Il potere liberatorio, per i pagamenti tra privati, del tallero da 5 lire d'argento, del tipo "Aquila spiegata", era illimitato [Carboneri 1915b, p. 646]; infatti, il contenuto di argento fino, contenuto in questa moneta, è pari a quello degli scudi da 5 lire coevi. La figura del rovescio di questa moneta è la copia di quella della moneta da un carlino da 5 doppie d'oro, emessa nel 1786 da Vittorio Amedeo III re di Sardegna.
Per quanto concerne il tallero austriaco di Maria Teresa, che nelle intenzioni del governo italiano doveva essere sostituito con il nuovo tallero coloniale, Carboneri [1915b, p. 645] ci informa che "Allo stato attuale, la moneta metallica più importante adoperata negli scambi in Eritrea è ancora [...] il tallero di Maria Teresa e il Governo stesso è costretto a farne uso per determinati pagamenti ad un tasso ufficiale, che viene fissato normalmente sul prezzo della moneta stessa sul mercato di Aden. Esso è preferito dagli indigeni ed è quasi indispensabile pei traffici con la costa arabica e coll'Etiopia, ove circola tutt'ora largamente. È coniato esclusivamente a Vienna al tasso di 1.50% per conto di Banche o Ditte commerciali, che ne curano l'esportazione, traendo profitto dalla lieve differenza fra il prezzo della moneta e quello del metallo e soprattutto dal giuoco della domanda e dell'offerta. Noi abbiamo veduto che in altri tempi anche le Zecche italiane di Firenze, di Milano e di Venezia avevano eseguito coniazioni di Talleri di Maria Teresa. Riferendosi a questo precedente, il Governo italiano ebbe per un momento l'idea di usufruire di quei vecchi conî di sua proprietà per fabbricare per proprio conto monete della specie, che ormai sono considerate come metallo lavorato di libera contrattazione, non avendo più corso legale in alcun luogo. Ma per un doveroso riguardo all'Austria, della quale portano lo stemma, ritenne opportuno informare prima il Gabinetto imperiale di Vienna ed in questo senso iniziò trattative nel 1887 che non approdarono allo scopo; cosicché l'Italia continuò ad acquistare i talleri occorrenti da banche diverse di Trieste, oppure sui mercati locali. Accanto al tallero austriaco, nei rapporti interni specialmente cogli uffici governativi e negli scambi al minuto, si adoperano le monete eritree."

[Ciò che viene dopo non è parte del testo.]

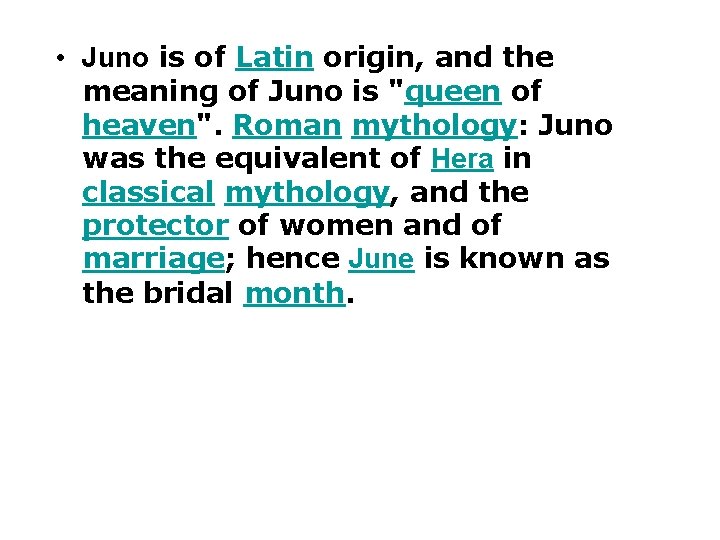  • Juno is of Latin origin, and the meaning of Juno is "queen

Secondo Donini [1954, p. 45], questo tallero, che circolava regolarmente in Eritrea ed in Etiopia, fu introdotto in quei territori dai missionari italiani di Verona che, utilizzandolo normalmente in Patria, a seguito dell'occupazione austriaca del Veneto, lo portarono con sè spendendolo normalmente. Tuttavia, Carboneri [1915b, p. 640] riferisce che furono i mercanti di Venezia a fare conoscere per primi questa moneta, assieme al tallero di san Marco, lungo le coste dell'Oceano Indiano, del Golfo Persico e del Mar Rosso.

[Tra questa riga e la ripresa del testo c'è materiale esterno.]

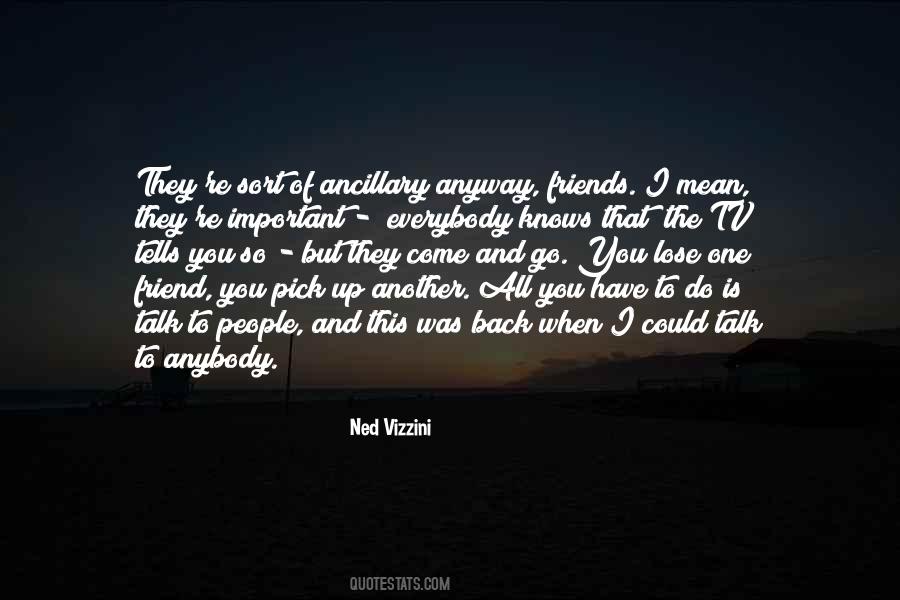 Sometimes We Lose Friends Quotes #429705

Le monete d'argento da un tallero eritreo da 5 lire, del tipo "Aquila spiegata", furono coniate nel 1891 e nel 1896, complessivamente, in 395.999 pezzi, per un totale di 1.979.995 lire [Carboneri 1915b, p. 913, tab. H; MdF 1940, p. 64, tab. I]. Di queste monete, in forza del RD 415/1898, furono ritirati 80.069 pezzi, pari a 400.345 lire, e trasformati in monete divisionarie italiane [Carboneri ibid.].